組織で働く際,自分の希望する業務が与えられることはまれです。自分の思うように仕事をこなすことができる機会は少ないでしょう。同僚,先輩,上司たちの中には,「嫌な」「苦手な」人がたいてい存在しています。組織は理不尽なことでいっぱいです。社会に出る前には,それらに対する耐性を身につけておく必要があります。

希望しなかった,好きでもない教員が指導するゼミで過ごした2年半において,組織で働くことに関する適応力が少しは身についたのかもしれません。
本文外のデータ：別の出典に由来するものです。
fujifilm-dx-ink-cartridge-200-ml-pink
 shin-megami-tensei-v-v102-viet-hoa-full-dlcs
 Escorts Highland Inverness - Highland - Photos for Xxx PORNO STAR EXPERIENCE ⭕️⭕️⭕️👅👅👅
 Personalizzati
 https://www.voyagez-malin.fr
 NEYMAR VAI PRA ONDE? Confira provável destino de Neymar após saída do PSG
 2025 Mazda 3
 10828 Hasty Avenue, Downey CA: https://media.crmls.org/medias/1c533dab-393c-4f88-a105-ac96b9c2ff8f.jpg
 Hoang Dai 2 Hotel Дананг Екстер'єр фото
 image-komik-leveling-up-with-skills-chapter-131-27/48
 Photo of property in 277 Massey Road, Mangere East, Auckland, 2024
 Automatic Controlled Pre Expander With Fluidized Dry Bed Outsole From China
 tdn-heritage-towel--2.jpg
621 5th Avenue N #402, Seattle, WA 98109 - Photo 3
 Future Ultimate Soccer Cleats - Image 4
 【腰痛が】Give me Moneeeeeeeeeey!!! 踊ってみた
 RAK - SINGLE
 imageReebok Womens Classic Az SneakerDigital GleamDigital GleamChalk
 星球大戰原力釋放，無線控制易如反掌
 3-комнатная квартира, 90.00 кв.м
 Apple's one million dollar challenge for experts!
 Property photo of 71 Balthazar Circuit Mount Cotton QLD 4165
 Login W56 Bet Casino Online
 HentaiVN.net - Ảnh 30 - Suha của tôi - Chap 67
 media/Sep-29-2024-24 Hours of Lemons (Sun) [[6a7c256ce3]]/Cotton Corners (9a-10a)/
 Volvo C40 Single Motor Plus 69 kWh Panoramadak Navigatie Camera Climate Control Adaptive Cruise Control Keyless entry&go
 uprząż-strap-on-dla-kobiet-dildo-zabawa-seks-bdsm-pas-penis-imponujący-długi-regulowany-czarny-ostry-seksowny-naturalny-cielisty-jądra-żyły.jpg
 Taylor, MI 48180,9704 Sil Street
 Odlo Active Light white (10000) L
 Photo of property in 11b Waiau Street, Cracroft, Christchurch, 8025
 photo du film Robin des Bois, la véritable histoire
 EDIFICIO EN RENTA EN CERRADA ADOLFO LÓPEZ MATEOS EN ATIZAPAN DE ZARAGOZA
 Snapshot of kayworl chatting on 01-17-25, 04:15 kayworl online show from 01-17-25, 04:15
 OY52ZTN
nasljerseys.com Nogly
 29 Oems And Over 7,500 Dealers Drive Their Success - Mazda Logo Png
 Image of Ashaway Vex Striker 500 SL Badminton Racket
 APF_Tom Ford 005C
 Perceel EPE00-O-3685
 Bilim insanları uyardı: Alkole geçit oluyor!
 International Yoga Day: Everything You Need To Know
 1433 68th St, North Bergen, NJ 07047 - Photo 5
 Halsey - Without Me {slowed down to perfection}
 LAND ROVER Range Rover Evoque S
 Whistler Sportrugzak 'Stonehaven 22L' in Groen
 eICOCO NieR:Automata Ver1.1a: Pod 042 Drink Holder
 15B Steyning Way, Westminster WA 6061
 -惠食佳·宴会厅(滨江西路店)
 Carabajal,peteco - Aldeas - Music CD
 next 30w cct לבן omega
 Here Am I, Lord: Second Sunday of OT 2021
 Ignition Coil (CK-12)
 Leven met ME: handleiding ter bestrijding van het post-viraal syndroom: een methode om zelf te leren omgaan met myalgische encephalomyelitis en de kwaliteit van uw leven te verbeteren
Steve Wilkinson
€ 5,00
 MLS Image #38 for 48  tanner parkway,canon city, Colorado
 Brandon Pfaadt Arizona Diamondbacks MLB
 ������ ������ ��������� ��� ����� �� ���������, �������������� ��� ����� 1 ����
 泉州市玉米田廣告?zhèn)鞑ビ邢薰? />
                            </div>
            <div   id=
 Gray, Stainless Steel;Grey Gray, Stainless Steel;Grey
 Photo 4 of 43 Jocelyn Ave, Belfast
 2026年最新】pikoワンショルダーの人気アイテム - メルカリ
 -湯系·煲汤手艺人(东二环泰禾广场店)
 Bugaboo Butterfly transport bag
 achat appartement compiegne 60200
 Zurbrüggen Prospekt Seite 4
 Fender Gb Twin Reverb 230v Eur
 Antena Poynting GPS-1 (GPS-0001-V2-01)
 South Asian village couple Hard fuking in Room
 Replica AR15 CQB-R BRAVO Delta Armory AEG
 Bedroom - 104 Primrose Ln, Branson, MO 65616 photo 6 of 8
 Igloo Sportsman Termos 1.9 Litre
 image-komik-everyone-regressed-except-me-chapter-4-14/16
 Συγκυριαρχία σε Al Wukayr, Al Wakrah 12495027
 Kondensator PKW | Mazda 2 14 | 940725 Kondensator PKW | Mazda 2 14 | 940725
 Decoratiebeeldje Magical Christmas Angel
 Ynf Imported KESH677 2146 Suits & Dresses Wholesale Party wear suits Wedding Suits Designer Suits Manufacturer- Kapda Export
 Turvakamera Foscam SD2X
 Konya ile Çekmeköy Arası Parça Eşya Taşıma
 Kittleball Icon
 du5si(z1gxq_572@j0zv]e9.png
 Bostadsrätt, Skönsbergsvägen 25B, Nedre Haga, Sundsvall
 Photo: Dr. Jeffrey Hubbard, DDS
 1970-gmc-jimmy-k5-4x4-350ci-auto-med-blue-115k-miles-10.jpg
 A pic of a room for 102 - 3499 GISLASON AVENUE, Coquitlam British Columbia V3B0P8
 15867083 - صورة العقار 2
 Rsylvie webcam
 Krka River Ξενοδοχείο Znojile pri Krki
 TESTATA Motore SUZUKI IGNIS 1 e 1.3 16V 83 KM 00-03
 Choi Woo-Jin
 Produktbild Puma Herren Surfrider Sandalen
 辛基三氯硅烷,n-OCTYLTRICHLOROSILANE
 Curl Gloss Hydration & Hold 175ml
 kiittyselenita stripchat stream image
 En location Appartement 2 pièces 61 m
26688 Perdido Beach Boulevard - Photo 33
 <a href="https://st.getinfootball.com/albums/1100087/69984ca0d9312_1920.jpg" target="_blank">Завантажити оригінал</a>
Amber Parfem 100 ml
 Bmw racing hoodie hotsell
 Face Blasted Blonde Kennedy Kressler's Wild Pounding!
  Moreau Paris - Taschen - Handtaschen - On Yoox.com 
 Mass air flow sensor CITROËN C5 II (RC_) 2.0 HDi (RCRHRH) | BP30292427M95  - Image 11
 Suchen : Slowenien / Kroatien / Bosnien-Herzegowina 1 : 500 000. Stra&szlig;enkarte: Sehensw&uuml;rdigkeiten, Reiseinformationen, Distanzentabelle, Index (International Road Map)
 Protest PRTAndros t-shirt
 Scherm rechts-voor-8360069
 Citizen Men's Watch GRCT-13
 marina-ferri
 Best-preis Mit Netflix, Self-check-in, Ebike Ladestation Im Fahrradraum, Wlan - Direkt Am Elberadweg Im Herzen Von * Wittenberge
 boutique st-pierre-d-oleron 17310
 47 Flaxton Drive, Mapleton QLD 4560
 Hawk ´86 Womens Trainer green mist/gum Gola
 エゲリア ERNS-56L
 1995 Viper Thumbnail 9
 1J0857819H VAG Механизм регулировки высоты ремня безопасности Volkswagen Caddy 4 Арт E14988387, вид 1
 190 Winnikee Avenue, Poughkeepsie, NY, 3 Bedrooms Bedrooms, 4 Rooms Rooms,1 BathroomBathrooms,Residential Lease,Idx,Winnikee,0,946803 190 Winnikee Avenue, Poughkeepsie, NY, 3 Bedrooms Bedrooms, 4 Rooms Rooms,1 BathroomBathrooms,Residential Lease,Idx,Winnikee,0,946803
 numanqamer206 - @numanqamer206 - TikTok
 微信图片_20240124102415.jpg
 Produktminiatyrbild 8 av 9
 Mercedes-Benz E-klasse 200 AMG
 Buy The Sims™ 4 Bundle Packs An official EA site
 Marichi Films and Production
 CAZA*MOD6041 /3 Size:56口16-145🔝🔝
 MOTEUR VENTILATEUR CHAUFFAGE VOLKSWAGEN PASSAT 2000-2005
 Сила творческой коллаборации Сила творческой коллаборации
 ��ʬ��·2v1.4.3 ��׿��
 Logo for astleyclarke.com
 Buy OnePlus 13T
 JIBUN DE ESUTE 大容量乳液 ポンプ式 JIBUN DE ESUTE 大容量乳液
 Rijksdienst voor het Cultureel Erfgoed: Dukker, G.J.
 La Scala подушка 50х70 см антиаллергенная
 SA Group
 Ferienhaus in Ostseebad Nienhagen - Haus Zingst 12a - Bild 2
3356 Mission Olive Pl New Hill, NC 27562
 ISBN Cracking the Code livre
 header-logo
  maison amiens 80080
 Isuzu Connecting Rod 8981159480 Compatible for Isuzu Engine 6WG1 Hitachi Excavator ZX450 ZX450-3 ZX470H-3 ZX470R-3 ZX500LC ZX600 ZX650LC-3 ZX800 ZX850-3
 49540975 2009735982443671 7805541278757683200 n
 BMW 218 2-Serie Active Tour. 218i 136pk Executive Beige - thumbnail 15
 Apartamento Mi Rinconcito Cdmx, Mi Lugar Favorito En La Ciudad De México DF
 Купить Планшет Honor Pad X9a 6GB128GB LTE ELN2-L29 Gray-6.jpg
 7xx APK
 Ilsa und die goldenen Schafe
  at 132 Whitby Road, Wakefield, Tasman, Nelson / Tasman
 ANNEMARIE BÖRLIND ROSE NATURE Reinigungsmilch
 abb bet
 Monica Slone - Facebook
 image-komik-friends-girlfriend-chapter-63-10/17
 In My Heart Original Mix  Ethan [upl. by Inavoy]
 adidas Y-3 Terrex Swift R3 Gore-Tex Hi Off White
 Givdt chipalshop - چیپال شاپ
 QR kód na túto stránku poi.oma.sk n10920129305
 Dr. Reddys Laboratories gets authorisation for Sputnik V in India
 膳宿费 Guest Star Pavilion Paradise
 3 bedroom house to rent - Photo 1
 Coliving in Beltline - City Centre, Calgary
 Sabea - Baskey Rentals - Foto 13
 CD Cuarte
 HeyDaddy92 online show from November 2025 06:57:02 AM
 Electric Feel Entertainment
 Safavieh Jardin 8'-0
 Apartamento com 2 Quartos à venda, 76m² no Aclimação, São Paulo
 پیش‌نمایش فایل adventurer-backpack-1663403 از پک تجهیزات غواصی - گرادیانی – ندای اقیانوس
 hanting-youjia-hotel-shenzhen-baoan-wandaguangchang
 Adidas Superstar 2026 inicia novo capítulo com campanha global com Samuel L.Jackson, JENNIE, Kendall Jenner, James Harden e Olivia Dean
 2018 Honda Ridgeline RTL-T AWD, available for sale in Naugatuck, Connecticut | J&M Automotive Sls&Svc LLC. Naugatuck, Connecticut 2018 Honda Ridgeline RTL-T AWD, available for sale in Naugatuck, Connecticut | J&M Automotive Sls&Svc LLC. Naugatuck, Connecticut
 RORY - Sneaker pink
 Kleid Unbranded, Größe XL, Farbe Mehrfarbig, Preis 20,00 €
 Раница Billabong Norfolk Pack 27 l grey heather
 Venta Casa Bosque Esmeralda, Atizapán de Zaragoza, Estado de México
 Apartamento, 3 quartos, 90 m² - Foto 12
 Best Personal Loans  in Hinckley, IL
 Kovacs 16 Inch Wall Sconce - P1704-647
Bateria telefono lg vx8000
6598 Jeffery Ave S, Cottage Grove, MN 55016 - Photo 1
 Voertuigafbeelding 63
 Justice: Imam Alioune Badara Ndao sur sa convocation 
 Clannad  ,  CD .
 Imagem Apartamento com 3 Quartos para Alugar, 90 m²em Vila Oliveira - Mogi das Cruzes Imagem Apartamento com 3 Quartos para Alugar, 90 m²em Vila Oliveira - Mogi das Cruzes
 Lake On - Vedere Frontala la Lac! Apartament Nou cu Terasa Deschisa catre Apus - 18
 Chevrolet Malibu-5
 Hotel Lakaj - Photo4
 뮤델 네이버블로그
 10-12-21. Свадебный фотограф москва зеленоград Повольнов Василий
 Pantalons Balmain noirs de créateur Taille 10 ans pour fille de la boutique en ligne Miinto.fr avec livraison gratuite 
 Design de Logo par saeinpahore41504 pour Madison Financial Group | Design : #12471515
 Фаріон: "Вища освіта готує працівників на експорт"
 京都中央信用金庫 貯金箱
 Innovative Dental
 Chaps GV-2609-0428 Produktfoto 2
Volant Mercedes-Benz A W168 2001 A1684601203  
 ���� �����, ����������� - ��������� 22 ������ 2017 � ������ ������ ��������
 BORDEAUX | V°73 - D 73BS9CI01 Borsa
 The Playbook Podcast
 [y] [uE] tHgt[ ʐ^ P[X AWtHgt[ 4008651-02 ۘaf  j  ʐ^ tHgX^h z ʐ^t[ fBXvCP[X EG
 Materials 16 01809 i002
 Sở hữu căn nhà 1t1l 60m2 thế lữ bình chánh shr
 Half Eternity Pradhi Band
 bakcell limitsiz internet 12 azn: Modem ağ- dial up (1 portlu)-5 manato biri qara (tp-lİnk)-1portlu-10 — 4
そう考えれば,「しかたなく」課題をこなしたことは不幸ではなかったでしょう。

さて,卒業生に言葉を贈ります。

「大いに屈する人を恐れよ,いかに剛にみゆるとも,言動に余裕と味のない人は大事をなすにたらぬ。」

これは,伊藤博文の名言です。この言葉を素直に受け取ると,「とても腰の低い人を恐れなさい。強そうに見えても,言葉や行いに余裕と面白味のない人(虚勢を張っているような人)は,大したことはできない」という意味にとれます。本当に恐い人(すごい人)は腰の低い人なのだと。

明治時代に近代日本を作り上げた大政治家の一人,伊藤博文は,10代のころ松下村塾に学びました。その時すでに,師匠吉田松陰に「俊輔(伊藤の名),周旋(政治)の才あり」と評されたことは有名です。政治家として,人を見る目が必要ですが,その要諦があの言葉に表現されたのかしれません。あるいは,自身の処世訓として発言したのかもしれません。

卒業生には,是非「大いに屈する人」を目指して欲しいと思います。働き始めると,多くの意のままにならないこと,理不尽なことに出合います。その際,突っ張って,わが意を押し通す努力をするという選択肢があります。この場合,うまく意に沿う結果を得ることができるかもしれません。しかし,反発を招き,摩擦によって自身も周囲も疲弊してしまうことでしょう。逆に,腰を低くして,柔軟に意のままにならないことに対応する選択肢があります。この場合,自分にとっては不本意な対応であっても,周囲から支持を集める可能性があります。長い目で見ると,周囲からの支持によって,自分の意を実現する可能性が出てくるのです。

4月にいよいよ新キャンパスが稼働します。卒業生は,是非一度は,新キャンパスを訪ねて,母校の発展を確認してください。もちろん,今年度の卒業生だけでなく,すべての卒業生を歓迎いたします。

なお,今年度卒業式当日1枚も卒業生たちの写真を撮る機会がありませんでした(ゼミ生以外も含め)。私が撮られることもありせんでした。その結果,ここに写真を掲載することができず,なんだか残念です。まあ,不人気の私にふさわしいわけですが。